= RECORDS =
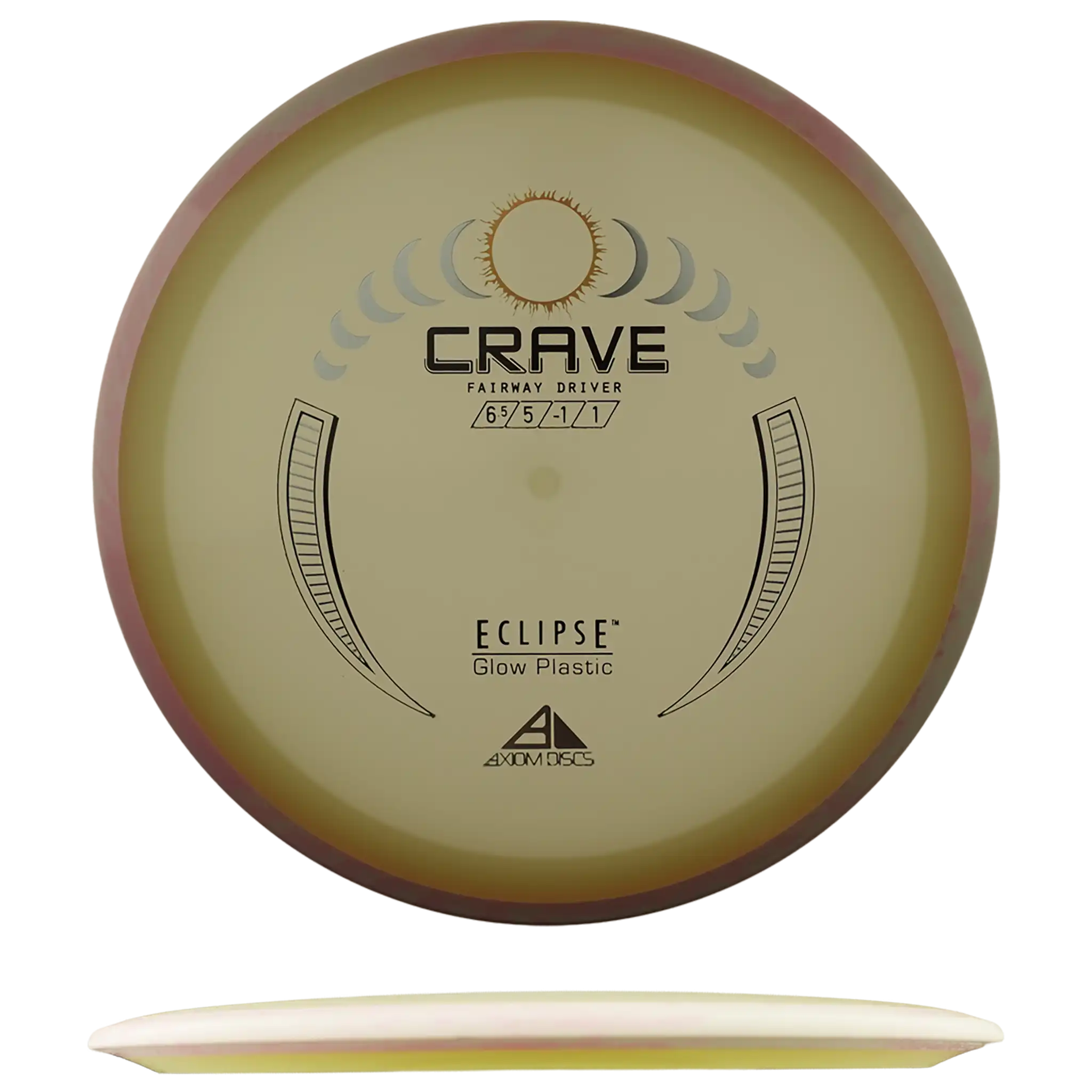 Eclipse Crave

* * *

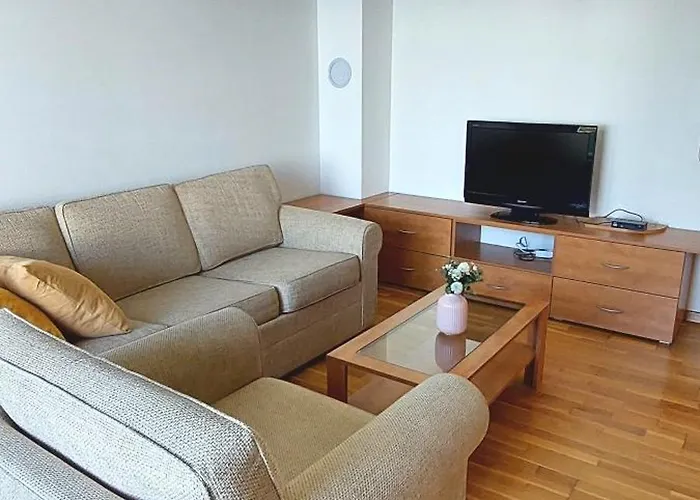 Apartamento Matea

...

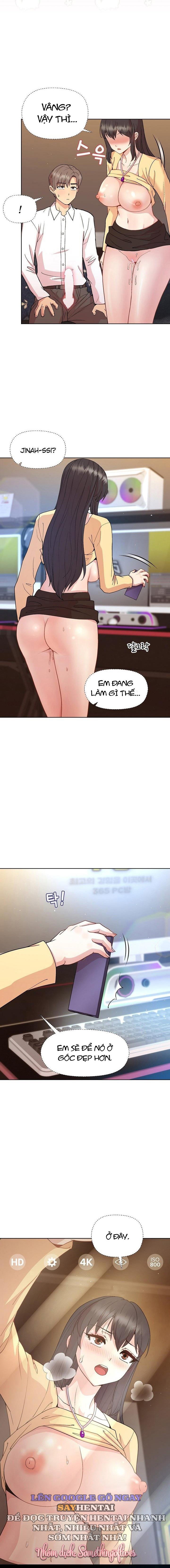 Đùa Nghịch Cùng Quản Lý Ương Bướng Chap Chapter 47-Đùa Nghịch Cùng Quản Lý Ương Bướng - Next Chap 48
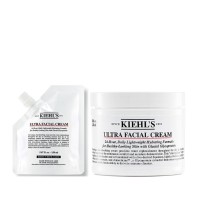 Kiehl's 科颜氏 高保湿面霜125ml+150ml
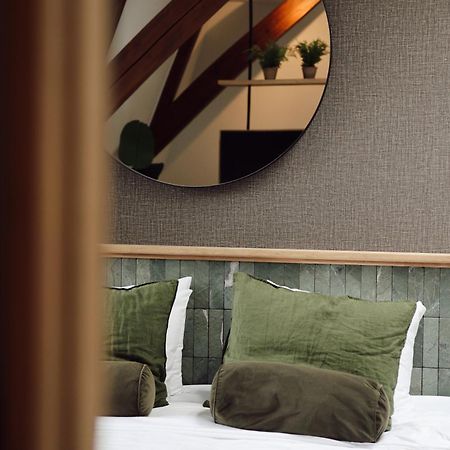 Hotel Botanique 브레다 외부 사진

= WORK REQUEST =
In the data above, take the line with "Đùa Nghịch Cùng Quản Lý Ương Bướng Chap", the line with "Hotel Botanique 브레다 외부 사진", and every line between, and set them down exactly without pictures.

= ANSWER TO THE EXERCISE =
 Đùa Nghịch Cùng Quản Lý Ương Bướng Chap Chapter 47-Đùa Nghịch Cùng Quản Lý Ương Bướng - Next Chap 48
 Kiehl's 科颜氏 高保湿面霜125ml+150ml
 Hotel Botanique 브레다 외부 사진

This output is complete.